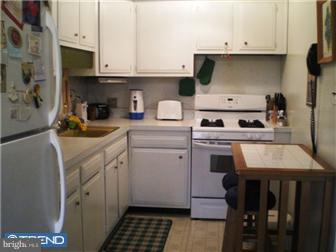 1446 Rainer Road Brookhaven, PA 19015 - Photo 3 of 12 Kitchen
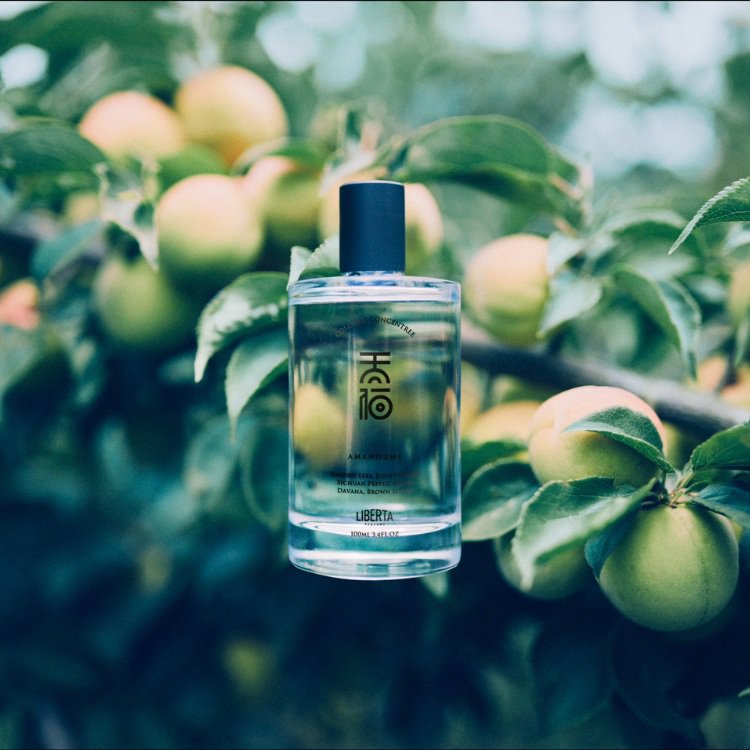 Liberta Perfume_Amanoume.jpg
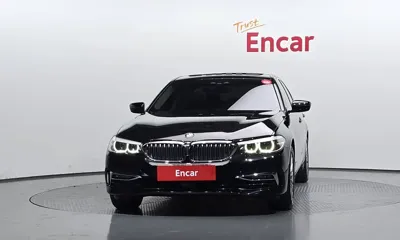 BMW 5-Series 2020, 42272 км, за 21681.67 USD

---

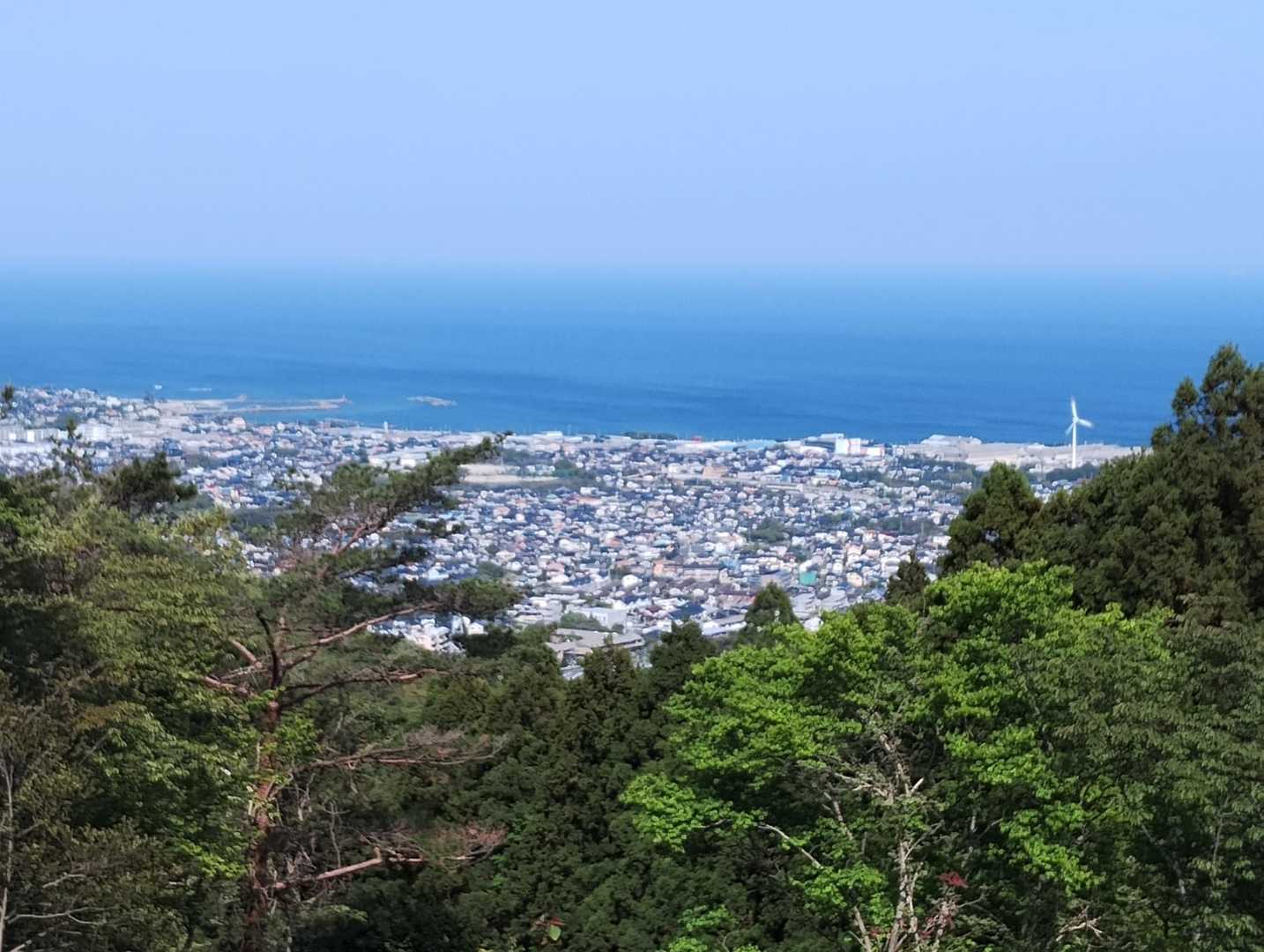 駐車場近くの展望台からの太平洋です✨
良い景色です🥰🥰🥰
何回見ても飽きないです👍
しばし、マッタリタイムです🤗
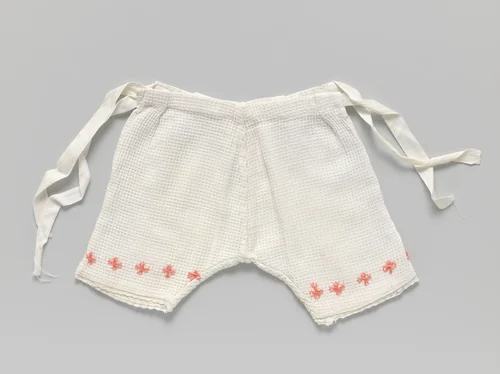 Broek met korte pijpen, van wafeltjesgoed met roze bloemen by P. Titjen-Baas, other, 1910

TASK TO COMPLETE: Give back exactly the lines above that run from the one with "何回見ても飽きないです👍" to the one with "Broek met korte", including both, with the pictures left out.

COMPLETED TASK:
何回見ても飽きないです👍
しばし、マッタリタイムです🤗
 Broek met korte pijpen, van wafeltjesgoed met roze bloemen by P. Titjen-Baas, other, 1910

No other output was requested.